San Francisco Maritime National Historic Park
More than 125 years after the City of Chester passenger steamer collided with another ship off of San Francisco, the wreckage has been discovered — for the second time.
It was originally found just two years after the incident, but authorities at the time decided not to bring the ship to shore. On Wednesday, the National Oceanic and Atmospheric Administration announced that the shipwreck had once again been tracked down near the Golden Gate Bridge, although there are still no plans to move it from its current state: encased in mud, 216 feet under the sea. Instead, NOAA is setting up a waterfront exhibit in San Francisco, at the headquarters of the Gulf of Farallones National Marine Sanctuary, to tell the ship's tale.
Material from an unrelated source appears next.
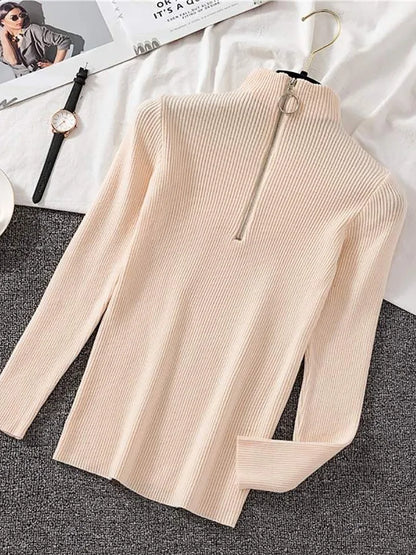 Frauen Fashion Solid Strick Pullover Vintage Langarm Zip-up Grundlegende Hälfte Rollkragenpullover Weibliche Pullover Chic Casual Tops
The City of Chester had just left San Francisco with 90 passengers on Aug. 28, 1888, when it hit the steamer Oceanic, coming in from Asia. Sixteen people died. Following the incident, the Chinese crew of the Oceanic was blamed for the accident, until word spread that the crew had rescued several of the City of Chester's passengers.
"Discoveries like this remind us that the waters off our shores are museums that speak to powerful events, in this case not only that tragic wreck, but to a time when racism and anger were set aside by the heroism of a crew who acted in the best traditions of the sea," James Delgado, director of maritime heritage for NOAA's Office of National Marine Sanctuaries, told the Los Angeles Times.